Diese Tatsache und die neugierige und selbstbewusste Herangehensweise Fritz‘ fasziniert auch Ute Denkenberger vom vorarlberg museum. Sie ist die Autorin des Buches „Alfons Fritz 1900–1933: Ein Vorarlberger Architekt der 'Tiroler Moderne'“ und für die historische Kontextierung der Ausstellung im Werkraum Bregenzerwald verantwortlich. „An freacher Siach“, sei Fritz laut Denkenberger gewesen. Das meint sie ganz positiv. „Alfons Fritz war auffallend talentiert, fleißig, zielstrebig und voller Schaffensmut“, so Denkenberger weiter. Basierend auf solidem Handwerk reagierte er auf aktuelle Anforderungen und setzte neue Ideen gekonnt um. Entwurf und Ort gingen bei ihm eine enge Verbindung ein.

Aber nicht alle Ideen von Fritz stießen zu seiner Zeit auf große Begeisterung. Beim Entwurf für das Bregenzer Kriegerdenkmal wurde das – von Alfons Fritz gewählte – Baumaterial Beton kritisiert, da man es nicht wiederverwenden könne. Auch deswegen erhielt der Bronze-Entwurf von Albert Bechtold den Vorzug. „Die Begründung war: Bronze könne man einschmelzen. Zunächst irritierend, wenn man bei der Entwurfseinreichung schon an dessen Zerstörung denkt.
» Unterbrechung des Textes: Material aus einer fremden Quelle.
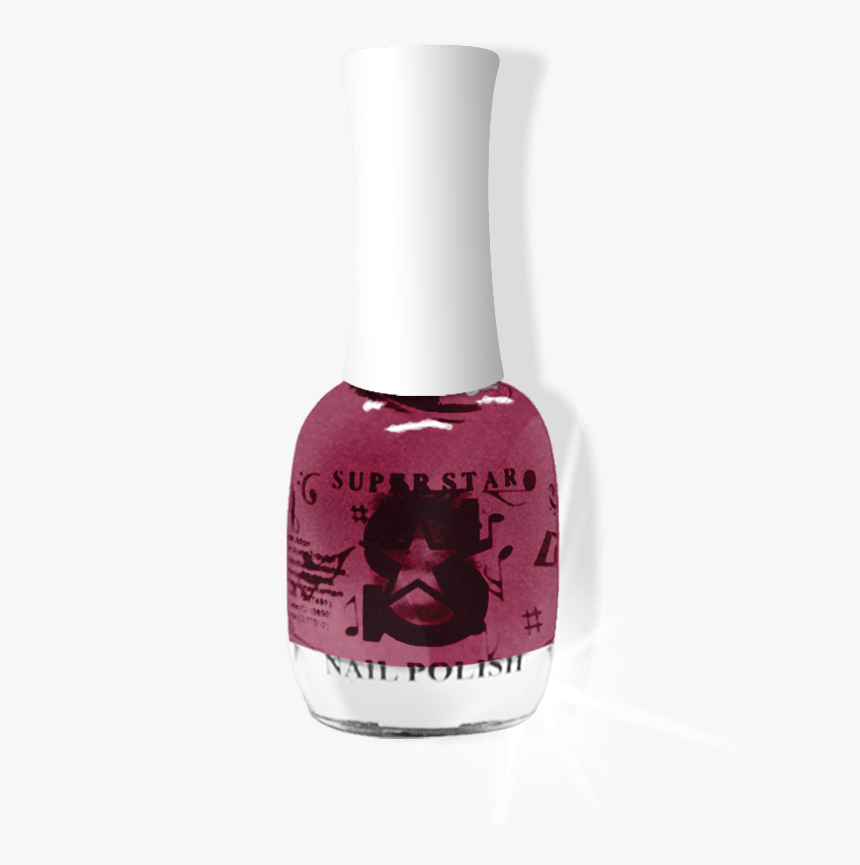 Superstar 148 Nail Polish, HD Png Download, Free Download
Aus heutiger Sicht würde man sagen – nachhaltig“, erzählt Ute Denkenberger.

Nachahmenswert

Der Ansatz einer langlebigen Architektur und die enge Zusammenarbeit mit dem Handwerk, die Alfons Fritz über sein gesamtes Werk hinweg verfolgte, macht den Andelsbucher für die Kuratorinnen der Ausstellung, Valerie Keiper-Knorr und Anna-Claudia Strolz, zu einem Vorbild für das moderne Bauen. Sie sehen darin das Spannungsverhältnis, das es herauszuarbeiten und den Besucher:innen zu vermitteln gab. „Die Mitgliedsbetriebe des Werkraum Bregenzerwald geben mit ihren Arbeiten Antworten auf Fragen, mit denen sich bereits Alfons Fritz vor mehr als 100 Jahren beschäftigte. Sie werfen aber auch neue Fragen auf“, sagt Keiper-Knorr. Was ist (noch) zeitgemäß? Wie arbeiten ArchitektInnen und HandwerkerInnen zusammen? Welche wesentlichen Veränderungen gab es in den letzten 100 Jahren? Welche Themen und Techniken sind heute noch aktuell?

Die Tischlerei Greussing ist einer dieser Betriebe. „Die Ausstellung bietet uns die Möglichkeit, schön geplante Objekte neu zu interpretieren und zu zeigen. Da wir auf Treppenbau mit verschiedensten Formen und Gestaltungsmöglichkeiten spezialisiert sind und Alfons Fritz mehrere schöne Treppenhäuser umgesetzt hat, mussten wir einfach mitmachen“, sagt Martin Greussing. Bei dem Ausstellungsstück handelt es sich um einen viertelgewendelten Anfangsbereich einer Treppe in Esche massiv. Das Design ist eine Kombination aus der vorgegebenen Ausstellungsarchitektur und den bestehenden Details einer Planung von Alfons Fritz.